Integrating R and C

R can be interfaced with both C and C++, coming with a significant speed up in computation time and efficiency. R has an inbuilt system for calling C with the .Call function, and RCpp can be used to integrate more easily with C++, enabling the use of pre-existing functions similar to those in base R. This portfolio will detail how this integration between R and C is possible effectively through the use of examples in a statistical sense.

Adaptive Kernel Regression Smoothing

In the situation where we have some data which can not fit into a conventional linear model, we can employ the use of kernel smoothing to fit a more flexible model. More specifically, suppose the data has been generated from the following model \[ y_i = \sin(\alpha \pi x^3) + \epsilon_i, \qquad \text{ with } \qquad \epsilon_i \sim N(0, \sigma^2), \] where \(x\) is a uniformly random sample, and \(\alpha\) and \(\sigma\) are fixed parameters. This simulated data can be generated in R with parameter values \(\alpha = 4\) and \(\sigma=0.2\), for \(i=1,\dots, n\):

set.seed(998)
n = 200
x = runif(n)
y = sin(4*pi*x^3) + rnorm(n, 0, 0.2)
plot(x, y, pch = 20)

From the plot it is clear that the data are non-linear, so a simple linear model would not be suitable. A kernel regression smoother can be used to estimate the conditional expectation \(\mu(x) = \mathbb{E}(y|x)\) more flexibly using \[ \hat{\mu}(x) = \frac{\sum^n_{i=1}\kappa_\lambda (x, x_i)y_i}{\sum^n_{i=1}\kappa_\lambda(x, x_i)}, \] where \(\kappa\) is a kernel with bandwidth \(\lambda > 0\).
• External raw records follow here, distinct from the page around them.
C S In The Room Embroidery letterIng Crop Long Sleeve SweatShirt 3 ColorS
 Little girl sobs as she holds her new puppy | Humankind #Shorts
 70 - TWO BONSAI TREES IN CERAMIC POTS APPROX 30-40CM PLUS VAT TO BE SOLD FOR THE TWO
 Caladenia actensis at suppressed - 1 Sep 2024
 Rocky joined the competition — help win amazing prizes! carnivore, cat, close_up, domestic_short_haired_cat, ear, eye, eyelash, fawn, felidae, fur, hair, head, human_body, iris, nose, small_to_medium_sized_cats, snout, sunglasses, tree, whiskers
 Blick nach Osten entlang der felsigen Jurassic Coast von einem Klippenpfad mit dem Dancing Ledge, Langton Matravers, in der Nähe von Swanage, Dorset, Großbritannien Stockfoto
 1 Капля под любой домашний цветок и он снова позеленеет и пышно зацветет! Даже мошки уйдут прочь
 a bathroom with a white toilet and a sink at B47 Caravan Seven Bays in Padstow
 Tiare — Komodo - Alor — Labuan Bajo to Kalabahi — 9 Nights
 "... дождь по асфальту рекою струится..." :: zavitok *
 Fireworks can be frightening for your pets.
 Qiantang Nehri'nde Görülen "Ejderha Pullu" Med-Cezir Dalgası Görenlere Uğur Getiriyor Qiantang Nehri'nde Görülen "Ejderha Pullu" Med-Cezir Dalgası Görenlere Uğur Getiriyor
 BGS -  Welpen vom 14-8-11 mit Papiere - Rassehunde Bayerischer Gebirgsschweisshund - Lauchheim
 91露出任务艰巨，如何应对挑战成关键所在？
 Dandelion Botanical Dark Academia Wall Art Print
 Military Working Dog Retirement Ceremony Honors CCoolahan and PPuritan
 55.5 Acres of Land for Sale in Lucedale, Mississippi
This kernel regression can be written in R as well as C, so it provides opportunity for comparison between the two languages.

Writing a function in C

We can write a C function to implement a Gaussian kernel with variance \(\lambda^2\), shown below.

#include <R.h>
#include <Rinternals.h>
#include <Rmath.h>

SEXP meanKRS(SEXP y, SEXP x, SEXP x0, SEXP lambda)
{
  
  int n, n0;
  double lambda0;
  double *outy, *x00, *xy, *y0;
  
  n0 = length(x0);
  
  x = PROTECT(coerceVector(x, REALSXP));
  y = PROTECT(coerceVector(y, REALSXP));
  SEXP out = PROTECT(allocVector(REALSXP, n0));
  
  n = length(x);
  
  outy = REAL(out);
  lambda0 = REAL(lambda)[0];
  x00 = REAL(x0);
  xy = REAL(x);
  y0 = REAL(y);
  
  for(int i=0; i<n0; i++)
  {
    double num = 0, den = 0;
    for(int j=0; j<n; j++)
    {
      num += dnorm(xy[j], x00[i], lambda0, 0)*y0[j];
      den += dnorm(xy[j], x00[i], lambda0, 0);
    }
    outy[i] = num/den;
  }
  
  UNPROTECT(3);
  
  return out;
}

This is a large, and quite complicated function to what would normally be implemented in R. The main reason for the length of the function is due to the amount of declarations that have to be made in C. At the start, all integers and doubles are declared, with a * signifying that these are pointers, which instead point to a location in memory rather than being a variable themselves. x, y and out are all defined as vectors; either defining the inputs or allocating a new vector, with PROTECT signifying that these locations in memory are protected. Then the pointers are set up with the REAL function deciding where to point, and the [0] index meaning to take the value of where is being pointed to instead of setting up a pointer.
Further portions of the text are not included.